Once the canvas was stretched, I sprayed the back of the canvas with water so it would tighten up.

















11/4/09: Toning the canvas

I bought a gallon of a warm violet Benjamin Moore interior flat latex house paint, and applied it with a roller. This creates a middle value base for the painting. Instead of the classic bolus ground (a brick red used by Renaissance painters) chose violet to harmonize the relatively saturated, warm to cool palette.
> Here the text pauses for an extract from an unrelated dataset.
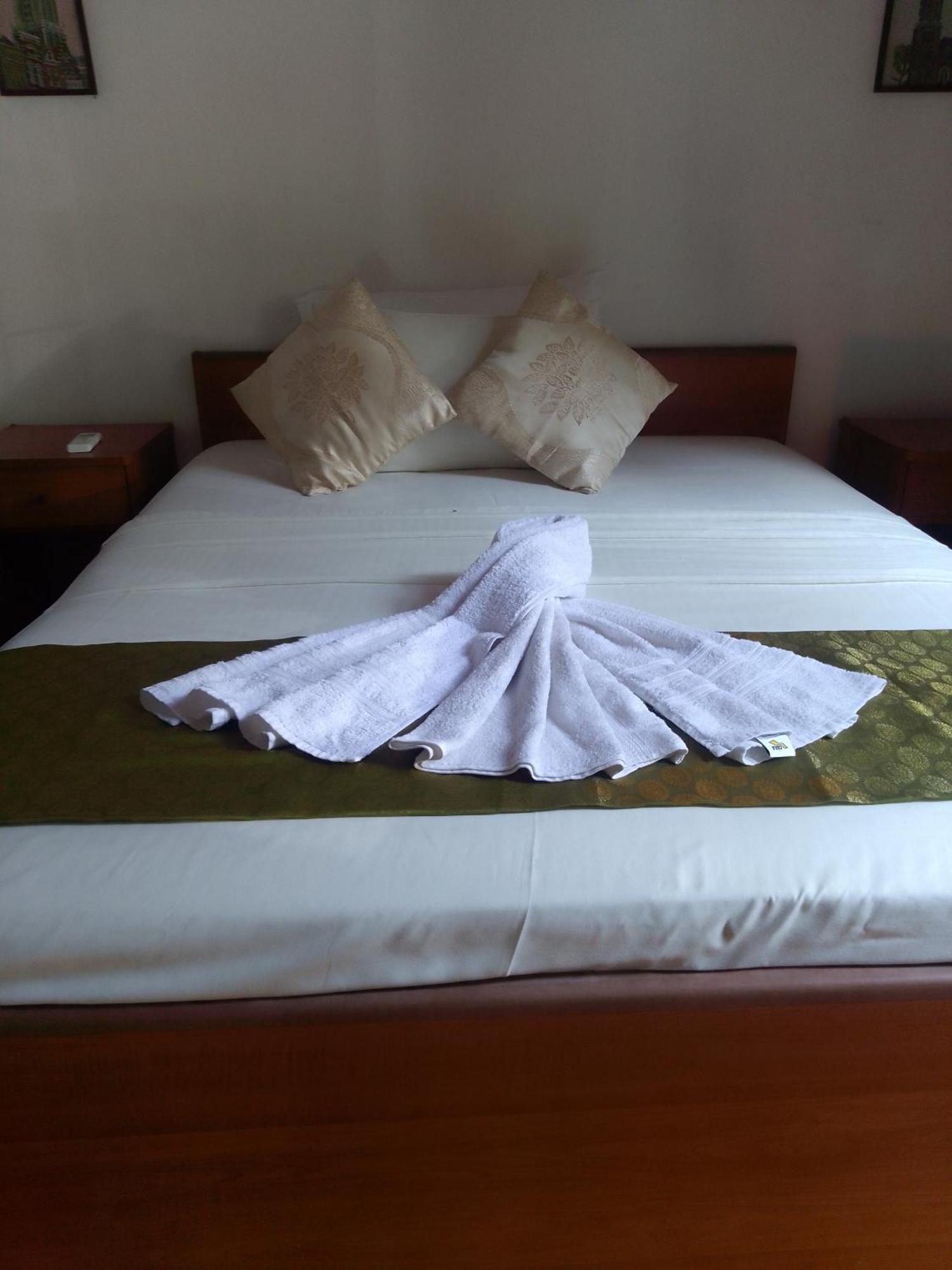 Steur Villa Negombo Exterior photo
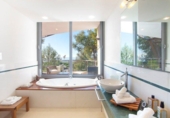 Chalet independiente con terreno en venta en la España, Marbella, ref: TR162245 foto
From this middle tone I will paint up to lights and down to darks.

















11/5/09: Squaring up the drawing and beginning the underpainting.

Squaring up is a venerable method that has been used by artists for centuries to enlarge a drawing. I created an 8.5x11 inch color sketch of my composition and gridded it with 1/2 inch squares. On the canvas I gridded 1 foot squares, then transferred the drawing square by square.
Once that step was complete, I began blocking in the major shapes of the composition in acrylic, starting with semi-transparent washes and working up to opaque passages. I have a lot of ground to cover so I'm using 16 oz. jars of Golden Acrylics and a 2 inch house painter's brush.













11/8/09: Refining the underpainting.

At this point I'm still working in acrylic, refining the silhouettes of the major figures. and changing portions of the composition. The stacks of books and the size and position of the giraffe have undergone several changes to get to this point. I've also moved the position of the turtle's arms. I'm nearly ready to switch to oil.













The Plague Doctor is In

Variolization

While the H1N1 pandemic rages and our lawmakers debate the merits of national healthcare, my exhibit Outbreak: Plagues That Changed History, has a new home for the next three months: the National Museum of Health and Medicine in Washington, DC. The 30 paintings and 7 maps are from my book Outbreak, published by Crown in 2005. As you may recall from previous posts, Outbreak focuses on six diseases: bubonic plague, smallpox, tuberculosis, cholera, yellow fever and influenza, with sidebars on toxoplasma, malaria and AIDS. As the title suggests, this is not just a recounting of epidemics, but a social history of public health through the lens of disease.

Armistice Day, San Francisco, 1918

The NMHM started out in 1862 as the Army Medical Museum, a division of the Armed Forces Institute of Pathology. It is on the campus of the Walter Reed Army hospital. To complement the paintings, the staff selected a few items from the Museum's collection of 24 artifacts. Visitors are greeted by a life-size costumed model of a beak-masked plague doctor. The Museum also installed four exhibit cases with artifacts and specimens related to the diseases in the book—a wax model of the face of a 15-year-old boy with lesions resulting from small pox, a tuberculosis-prevention brick engraved with the words, “Don’t spit on sidewalk ,” a lung that shows signs of bronchopneumonia resulting from the 1918 influenza pandemic, and the microscope of Walter Reed himself, the man who led the team that determined the etiology of yellow fever.


Memento Mori

The show opened on Halloween (it runs through January 22). For the opening, children made and wore medieval plague masks stuffed with dried rosemary, and created macaroni skeletons engaged in the "Dance of Death."

I'll be speaking at the Museum on December 5.